Neste artigo, a Teoria Tridimensional do Direito, idealizada por Miguel Reale, é utilizada como base teórica para compor um instrumento de Percepção Jurídica aplicável ao Anteprojeto do Código Brasileiro de Processos Coletivos.

A partir da teoria de Miguel Reale, pretende-se caracterizar os elementos fáticos, axiológicos e normativos que possam ter influenciado na elaboração do Anteprojeto do Código Brasileiro de Processos Coletivos na versão à data do presente artigo1, percebendo a interação desta tríade (fato-valor-norma) com outras duas importantes variáveis (cronologia e poder) na composição do Anteprojeto.

O conceito operacional adotado para "Percepção Jurídica" é: a "ferramenta com a qual se examina, sob aporte(s) doutrinário(s) eleito(s), norma jurídica (legal; consuetudinária; jurisdicional; negocial), descrevendo-a e emitindo juízos valorativos a respeito dela"2.
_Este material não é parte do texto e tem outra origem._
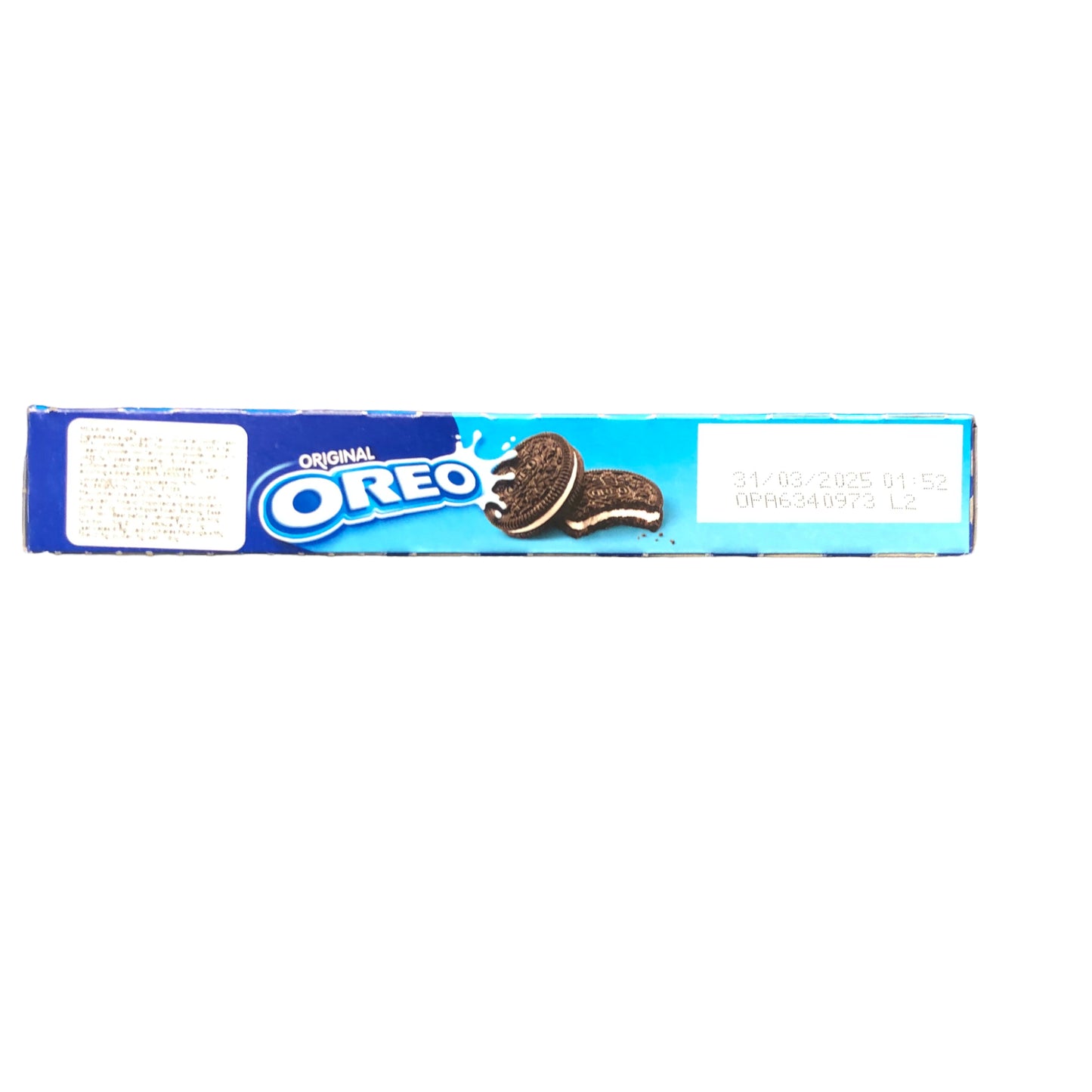 OREO Cookies Milka EU Import - 176 gr. pack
Utilizou-se o método indutivo na fase de investigação, o método cartesiano na fase de tratamento dos dados recolhidos, e os resultados são apresentados sob o método indutivo, sendo operadas as técnicas do referente, da categoria, do conceito operacional e da pesquisa bibliográfica (PASOLD, 2008, p. 25-74, 81-105.

1 Considerações gerais acerca da Teoria Tridimensional do Direito

A Teoria Tridimensional do Direito, idealizada por Miguel Reale, propõePage 123 que o Direito não seja apenas norma, como também não seja apenas valor, nem tampouco apenas fato. O Direito, para Reale, é uma "integração normativa de fatos, segundo valores", sendo que "toda a norma jurídica assinala uma tomada de posição perante os fatos em função tensional de valores", resultando que o Direito "só se constitui quando determinadas valorações dos fatos sociais culminam numa integração de natureza normativa" (REALE, 1994, 96-7, 103, grifo do autor).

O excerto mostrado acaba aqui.